(Dataset entries)
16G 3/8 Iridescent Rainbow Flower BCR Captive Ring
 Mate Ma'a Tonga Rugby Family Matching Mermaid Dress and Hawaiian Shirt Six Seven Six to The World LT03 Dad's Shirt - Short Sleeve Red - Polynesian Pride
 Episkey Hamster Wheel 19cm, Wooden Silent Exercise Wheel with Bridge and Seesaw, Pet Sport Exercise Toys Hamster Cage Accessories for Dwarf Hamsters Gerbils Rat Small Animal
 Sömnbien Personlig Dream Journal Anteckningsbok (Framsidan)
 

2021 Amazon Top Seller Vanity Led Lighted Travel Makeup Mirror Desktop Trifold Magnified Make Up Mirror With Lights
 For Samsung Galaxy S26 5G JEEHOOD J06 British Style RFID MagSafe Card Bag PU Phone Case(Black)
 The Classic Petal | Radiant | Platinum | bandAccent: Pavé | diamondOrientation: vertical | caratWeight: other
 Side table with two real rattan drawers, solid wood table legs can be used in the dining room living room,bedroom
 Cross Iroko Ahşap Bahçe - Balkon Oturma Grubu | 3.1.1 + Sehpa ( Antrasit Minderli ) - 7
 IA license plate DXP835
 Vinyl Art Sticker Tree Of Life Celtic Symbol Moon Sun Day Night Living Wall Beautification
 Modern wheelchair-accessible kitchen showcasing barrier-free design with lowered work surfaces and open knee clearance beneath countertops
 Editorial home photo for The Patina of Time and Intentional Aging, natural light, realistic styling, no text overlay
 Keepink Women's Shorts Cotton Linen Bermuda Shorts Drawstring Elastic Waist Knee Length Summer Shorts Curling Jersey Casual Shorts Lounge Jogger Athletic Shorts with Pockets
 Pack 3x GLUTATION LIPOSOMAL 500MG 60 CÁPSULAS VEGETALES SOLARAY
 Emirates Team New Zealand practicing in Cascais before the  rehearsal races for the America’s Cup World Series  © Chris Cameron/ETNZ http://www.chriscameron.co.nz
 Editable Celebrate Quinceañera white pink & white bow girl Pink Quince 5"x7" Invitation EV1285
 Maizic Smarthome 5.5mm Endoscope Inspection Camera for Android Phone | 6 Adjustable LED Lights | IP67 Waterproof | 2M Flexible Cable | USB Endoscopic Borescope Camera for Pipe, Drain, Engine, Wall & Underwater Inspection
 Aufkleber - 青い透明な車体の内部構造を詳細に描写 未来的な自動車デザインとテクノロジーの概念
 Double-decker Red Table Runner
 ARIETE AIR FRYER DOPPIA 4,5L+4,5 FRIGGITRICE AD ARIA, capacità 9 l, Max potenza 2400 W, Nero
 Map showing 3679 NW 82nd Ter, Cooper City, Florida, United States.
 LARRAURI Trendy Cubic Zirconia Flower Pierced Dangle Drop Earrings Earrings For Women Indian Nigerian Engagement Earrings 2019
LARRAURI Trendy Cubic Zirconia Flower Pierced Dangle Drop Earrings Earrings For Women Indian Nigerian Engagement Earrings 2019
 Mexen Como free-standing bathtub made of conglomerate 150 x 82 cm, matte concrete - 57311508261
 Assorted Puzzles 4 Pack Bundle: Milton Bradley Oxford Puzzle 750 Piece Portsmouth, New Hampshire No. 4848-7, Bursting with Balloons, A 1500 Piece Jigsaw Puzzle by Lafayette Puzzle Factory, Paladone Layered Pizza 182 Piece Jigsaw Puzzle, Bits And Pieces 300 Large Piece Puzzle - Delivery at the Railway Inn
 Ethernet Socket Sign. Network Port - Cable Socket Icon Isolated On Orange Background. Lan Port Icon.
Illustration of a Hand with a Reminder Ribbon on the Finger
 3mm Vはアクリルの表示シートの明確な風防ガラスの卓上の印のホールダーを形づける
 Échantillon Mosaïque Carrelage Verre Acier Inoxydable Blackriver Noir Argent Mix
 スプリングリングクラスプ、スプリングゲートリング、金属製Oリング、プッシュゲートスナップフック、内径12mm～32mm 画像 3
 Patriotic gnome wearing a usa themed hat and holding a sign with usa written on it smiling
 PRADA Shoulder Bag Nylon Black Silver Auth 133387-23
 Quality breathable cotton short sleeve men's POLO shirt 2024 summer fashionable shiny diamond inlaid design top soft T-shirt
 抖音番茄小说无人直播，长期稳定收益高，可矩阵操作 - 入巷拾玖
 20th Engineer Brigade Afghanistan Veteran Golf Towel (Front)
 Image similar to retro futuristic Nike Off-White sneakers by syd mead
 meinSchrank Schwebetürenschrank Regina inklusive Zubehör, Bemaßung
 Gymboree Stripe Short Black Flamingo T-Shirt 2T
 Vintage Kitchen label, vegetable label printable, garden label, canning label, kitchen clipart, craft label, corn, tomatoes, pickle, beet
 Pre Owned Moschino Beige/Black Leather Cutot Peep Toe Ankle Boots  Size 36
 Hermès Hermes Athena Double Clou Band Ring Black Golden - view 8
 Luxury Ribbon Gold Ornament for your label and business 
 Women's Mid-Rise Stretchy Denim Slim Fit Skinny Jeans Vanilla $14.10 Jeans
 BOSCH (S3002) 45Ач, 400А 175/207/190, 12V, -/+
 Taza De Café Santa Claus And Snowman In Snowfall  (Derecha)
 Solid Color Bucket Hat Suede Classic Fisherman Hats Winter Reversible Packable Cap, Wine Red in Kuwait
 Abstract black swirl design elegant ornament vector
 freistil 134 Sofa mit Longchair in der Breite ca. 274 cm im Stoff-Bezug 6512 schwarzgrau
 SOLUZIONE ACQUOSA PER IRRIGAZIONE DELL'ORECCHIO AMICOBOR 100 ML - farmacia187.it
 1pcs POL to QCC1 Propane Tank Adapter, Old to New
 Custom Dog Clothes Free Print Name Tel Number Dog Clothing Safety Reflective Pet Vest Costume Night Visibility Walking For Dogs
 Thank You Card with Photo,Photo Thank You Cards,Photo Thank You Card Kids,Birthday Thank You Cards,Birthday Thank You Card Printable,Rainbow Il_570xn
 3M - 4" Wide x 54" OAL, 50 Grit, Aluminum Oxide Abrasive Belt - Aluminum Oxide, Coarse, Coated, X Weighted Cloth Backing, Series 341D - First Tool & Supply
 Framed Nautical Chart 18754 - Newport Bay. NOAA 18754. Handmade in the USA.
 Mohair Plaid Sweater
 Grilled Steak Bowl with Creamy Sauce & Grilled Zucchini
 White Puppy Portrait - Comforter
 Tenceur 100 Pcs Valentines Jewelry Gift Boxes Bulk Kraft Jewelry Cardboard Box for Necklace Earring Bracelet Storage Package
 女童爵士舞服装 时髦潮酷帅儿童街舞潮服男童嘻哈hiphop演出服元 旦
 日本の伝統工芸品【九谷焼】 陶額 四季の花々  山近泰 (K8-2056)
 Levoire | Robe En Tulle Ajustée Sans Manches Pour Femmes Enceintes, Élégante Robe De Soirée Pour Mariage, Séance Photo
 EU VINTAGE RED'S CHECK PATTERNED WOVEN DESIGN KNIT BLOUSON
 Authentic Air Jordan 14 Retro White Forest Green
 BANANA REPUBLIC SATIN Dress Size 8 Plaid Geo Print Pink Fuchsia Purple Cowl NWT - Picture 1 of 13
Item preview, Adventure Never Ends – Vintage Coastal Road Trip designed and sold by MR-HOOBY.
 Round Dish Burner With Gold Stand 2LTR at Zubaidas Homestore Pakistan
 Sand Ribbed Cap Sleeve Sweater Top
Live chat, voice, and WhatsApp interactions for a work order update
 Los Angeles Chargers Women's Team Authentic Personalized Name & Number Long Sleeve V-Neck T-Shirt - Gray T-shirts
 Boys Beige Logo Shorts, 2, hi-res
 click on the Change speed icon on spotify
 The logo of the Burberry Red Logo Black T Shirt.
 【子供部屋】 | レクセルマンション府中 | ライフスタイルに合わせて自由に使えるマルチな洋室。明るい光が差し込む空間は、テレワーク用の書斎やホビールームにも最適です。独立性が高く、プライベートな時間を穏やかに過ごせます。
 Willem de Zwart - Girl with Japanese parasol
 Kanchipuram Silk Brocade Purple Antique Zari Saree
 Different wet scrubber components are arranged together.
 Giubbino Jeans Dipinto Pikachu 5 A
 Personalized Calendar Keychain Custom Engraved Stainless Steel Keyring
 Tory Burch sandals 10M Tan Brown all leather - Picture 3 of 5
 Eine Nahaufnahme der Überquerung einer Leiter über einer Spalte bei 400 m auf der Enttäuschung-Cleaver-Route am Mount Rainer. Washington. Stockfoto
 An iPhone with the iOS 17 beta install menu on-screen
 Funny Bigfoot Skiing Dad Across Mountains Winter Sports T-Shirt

_PROBLEM DETAILS:_ Your task is to copy each line of the data above that holds "Team".

_EXERCISE SOLUTION:_
 Emirates Team New Zealand practicing in Cascais before the  rehearsal races for the America’s Cup World Series  © Chris Cameron/ETNZ http://www.chriscameron.co.nz
 Los Angeles Chargers Women's Team Authentic Personalized Name & Number Long Sleeve V-Neck T-Shirt - Gray T-shirts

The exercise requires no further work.